Python and R – Part 2: Visualizing Data with Plotnine

[This article was first published on business-science.io, and kindly contributed to R-bloggers]. (You can report issue about the content on this page here)
Want to share your content on R-bloggers? click here if you have a blog, or here if you don't.

Article Update

Interested in more Python and R tutorials?

???? Register for our blog to get new articles as we release them.



Introduction

In this post, we start out where we left off in Python and R – Part 1: Exploring Data with Datatable. In the chunk below, we load our cleaned up big MT Cars data set in order to be able to refer directly to the variable without a short code or the f function from our datatable. On the other hand, we will also load plotnine with the short code p9. We found this to be cumbersome relative to the R behavior, but given that we use so many different functions in ggplot when exploring a data set, it is hard to know which functions to load into the name space in advance.

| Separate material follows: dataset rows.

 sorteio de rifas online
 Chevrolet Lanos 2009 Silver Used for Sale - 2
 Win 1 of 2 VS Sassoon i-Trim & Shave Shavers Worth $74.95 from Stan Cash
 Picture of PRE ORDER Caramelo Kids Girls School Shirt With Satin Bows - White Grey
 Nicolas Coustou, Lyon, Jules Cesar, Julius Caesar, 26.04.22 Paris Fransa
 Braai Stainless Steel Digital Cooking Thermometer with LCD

Our experience and discussions we have read by others with matplotlib and seaborn, is that they are not very intuitive, and probably not better than ggplot (given mixed reviews that we have read). If we can port over with a familiar library and avoid a learning curve, it would be a win. As we mentioned in our previous post, plotnine feels very similar with ggplot with a few exceptions. We will take the library through the paces below.

 
# R Libraries
library("reticulate")

knitr::opts_chunk$set(
  fig.width = 15,
  fig.height = 8,
  out.width = '100%')
# Choose Python 3.7 miniconda
reticulate::use_condaenv(
  condaenv = "r-reticulate",
  required = TRUE
  )
# Install Python packages
lapply(c("plotnine"), function(package) {
       conda_install("r-reticulate", package, pip = TRUE)
})
# Python libraries
from datatable import *
import numpy as np
import plotnine as p9 
import re
# Load cleaned vehicles
big_mt = fread("~/Desktop/David/Projects/general_working/mt_cars/vehicles_cleaned.csv")

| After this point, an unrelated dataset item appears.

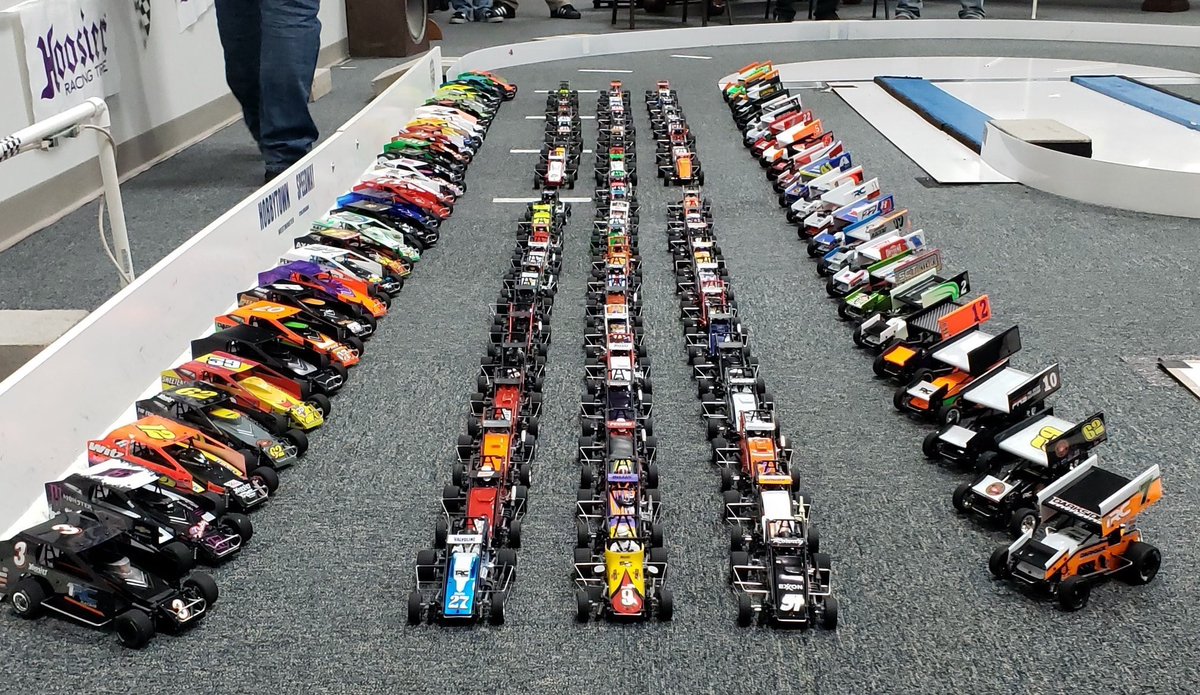 1RCRacing's tweet photo. 118 cars out for tonight's event!  Some of the tightest racing we've seen yet and the mains are still to come!  Stop by HobbyTown Westminster and they will get you everything you need to go racing. @1RCRacing #1RC @WorldofOutlaws @SuperDIRTcar @USACNation @cbnationals https://t.co/7RE262adX5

# Export names to list to add to dictionary
expr = [exp for exp in big_mt.export_names()]
names = big_mt.names

# Assign all exported name expressions to variable names
names_dict = { names[i]: expr[i] for i in range(len(names)) } 
locals().update(names_dict)

Consolidate make Into Parent manufacturer

In the previous post, we collapsed VClass from 35 overlapping categories down to 7. Here, we similarly consolidate many brands in make within their parent producers. Automotive brands often transfer, and there have been some large mergers over the years, such as Fiat and Chrysler in 2014 and upcoming combination with Peugeot, making this somewhat of a crude exercise. We used the standard that the brand was owned by the parent currently, but this may not have been the case over most of the period which will be shown in the charts below. This can also effect the parent’s efficiency compared to peers. For example, Volkswagen bought a portfolio of luxury European gas guzzlers over the recent period, so its position is being pulled down from what would be one of the most efficient brands.

# Control flow statement used to collapse Make levels
def collapse_make(make):
  manufacturer = str()
  if make in ['Pontiac', 'Oldmobile', 'Cadillac', 'Chevrolet', 'Buick', 'General Motors', 'Saturn', 'GMC']:
      manufacturer = 'GM'
  elif make in ['Ford', 'Mercury', 'Lincoln']:
      manufacturer = 'Ford'
  elif make in ['Toyota', 'Lexus', 'Scion']:
      manufacturer = 'Toyota'
  elif make in ['Nissan', 'Infiniti', 'Renault', 'Mitsubishi']:
      manufacturer = 'Nissan'
  elif make in ['Volkswagen', 'Audi', 'Porshe', 'Bentley', 'Bentley', 'Bugatti', 'Lamborghini']:
      manufacturer = 'Volkswagen'
  elif make in ['Chrysler', 'Plymouth', 'Dodge', 'Jeep', 'Fiat', 'Alfa Romeo', 'Ram']:
      manufacturer = 'Chrysler'
  elif make in ['Honda', 'Acura']:
      manufacturer = 'Honda'
  elif make in ['BMW', 'Rolls Royce', 'MINI']:
      manufacturer = 'BMW'
  elif make in ['Isuzu', 'Suburu', 'Kia', 'Hyundai', 'Mazda', 'Tata', 'Genesis']:
      manufacturer = 'Other Asian'
  elif make in ['Volvo', 'Saab', 'Peugeot', 'Land Rover', 'Jaguar', 'Ferrari']:
      manufacturer = 'Other Euro'
  else:
    manufacturer = 'Other'
  return manufacturer

# Set up vclass of categories list for iteration
vclass = big_mt[:, VClass].to_list()[0]
big_mt[:, 'vehicle_type'] = Frame(['Cars' if re.findall('Car', item) else 'Trucks' for item in vclass]).to_numpy()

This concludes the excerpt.